De una manera callada, fragmentaria, llena de auotoironía y risa implícita, García Vega construyó la alternativa al tropicalismo revolucionario, neobarroco o postestructuralista y sus carnavales más o menos afortunados de adjetivos. No mueras sin laberinto, El oficio de peder, Cuerdas para Aleister y Devastación del hotel San Luis son algunos de los libros de García Vega, casi siempre en lo que podríamos llamar prosa poética si admitimos que aquí “poética” no tiene nada que ver con el sentimentalismo, la coloratura, la magia de los instantes o la epifanía sublime: “Acabo de visitar la tumba de un amigo recién muerto, en Chacarita, y me desespera entender que los muertos permanecerán acostados” escribía en Erogando trizas donde gotas de lo vario pinto, que su amiga, la poeta Elsa López, le publicó el año pasado en Ediciones La Palma; y también: “Una triste realidad de esta Playa Albina donde vivo. Tambores, cachivaches. Lo que al final no suena, aunque uno se pase el día tocando el tambor”. Tocar el tambor: escribir el poema; persistir en lo inútil y hasta en lo absurdo como forma –única– de supervivencia. Autorretratarse bajo la figura de un cascote más de los grandes delirios de grandeza del siglo y sus guías iluminados.

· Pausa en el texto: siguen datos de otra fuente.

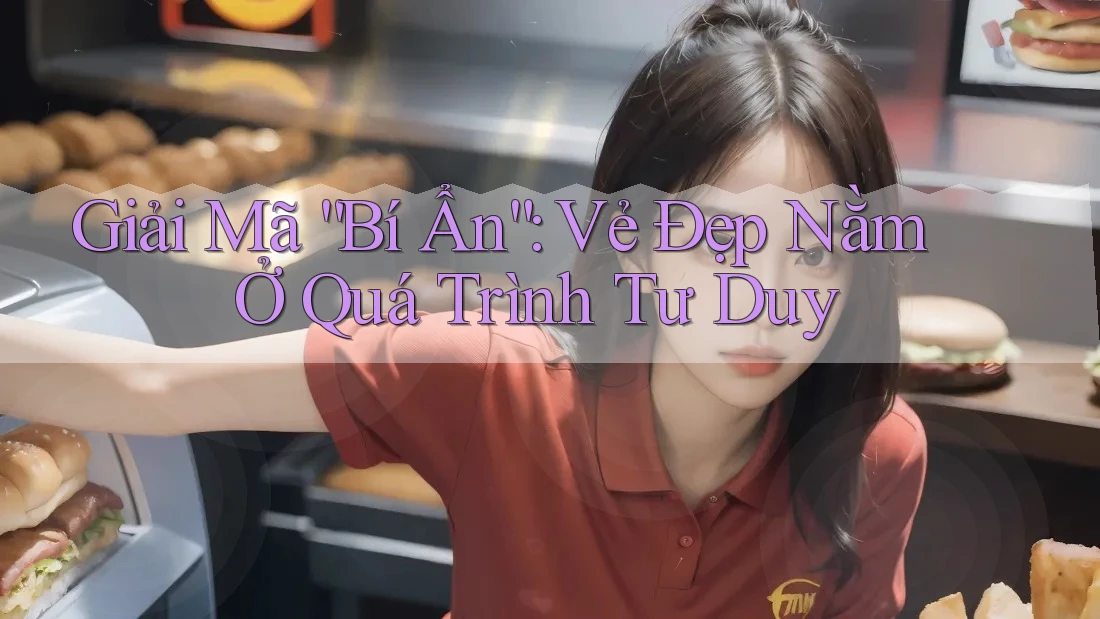 Giải Mã “Bí Ẩn”: Vẻ Đẹp Nằm Ở Quá Trình Tư Duy Giải Mã “Bí Ẩn”: Vẻ Đẹp Nằm Ở Quá Trình Tư Duy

Y sin embargo buena parte de la mejor poesía cubana no sería igual, no sería tan buena, sin Lorenzo: lo vemos en Antonio José Ponte, en Rolando Sánchez Mejías, en Idalia Morejón, en Rogelio Saunders, en Pedro Marqués de Armas. Porque ese absurdo de la vida y de la historia del que García Vega se hace carne en su Playa Albina no está lejos de las contorsiones tragicómicas de los personajes de Beckett o de la minuciosa autodestrucción de los protagonistas de Bernhard, para mencionar dos autores que admiraba. Es decir, la asunción de la gran herencia cubana en poesía pero con esa torsión inesperada, extemporánea o intempestiva, de la amargura de Lorenzo, que reduce a prestigioso polvillo el regusto dulzón de los barroquismos en auge por tantos años. En su último libro, Palíndromo en otra cerradura, homenaje a Duchamp (Barcelona, Barataria, 2011), escribió: “Me mantengo sin nombrarme. ¿Por cuál rato? Es un rostro que no es nada, un blancor de lo seco. Sus luces –es un avión– pasan sobre la noche. También es como un raro sello. Es muy curioso”. Muy curioso, sí: como su destino, que es en parte el nuestro, el de sus lectores;, y como ahora su muerte.